*DATASET EXCERPT*:
○ ○ ○ ○

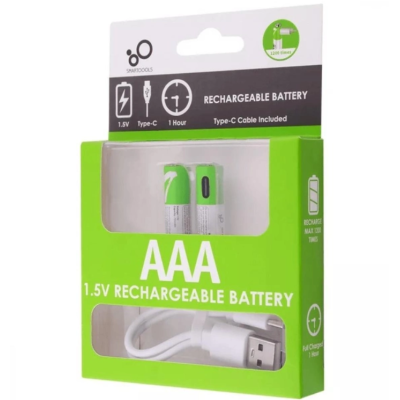 Аккумулятор AAA Rechargeable Type-C пальчиковий
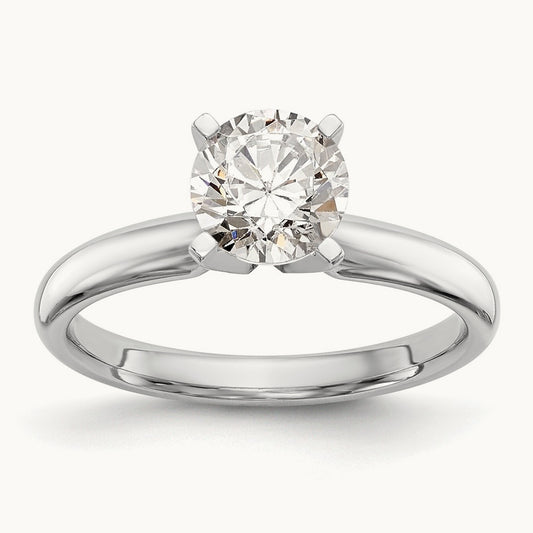 1.5ct. Medium-Weight 4-Prong Solitaire Mounting, 14K White Gold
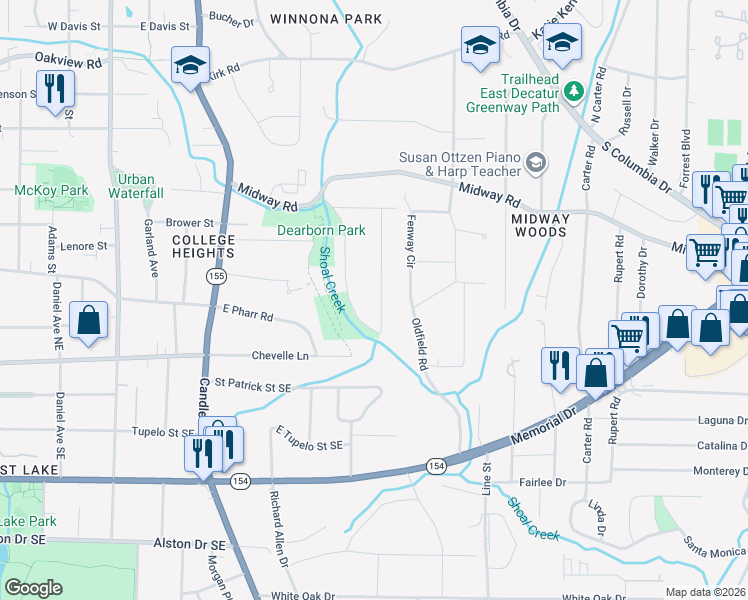 map of restaurants, bars, coffee shops, grocery stores, and more near 1486 Deerwood Dr in Decatur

○ ○ ○ ○

Would you please set down the listing above exactly, minus its images?

 Аккумулятор AAA Rechargeable Type-C пальчиковий
 1.5ct. Medium-Weight 4-Prong Solitaire Mounting, 14K White Gold
 map of restaurants, bars, coffee shops, grocery stores, and more near 1486 Deerwood Dr in Decatur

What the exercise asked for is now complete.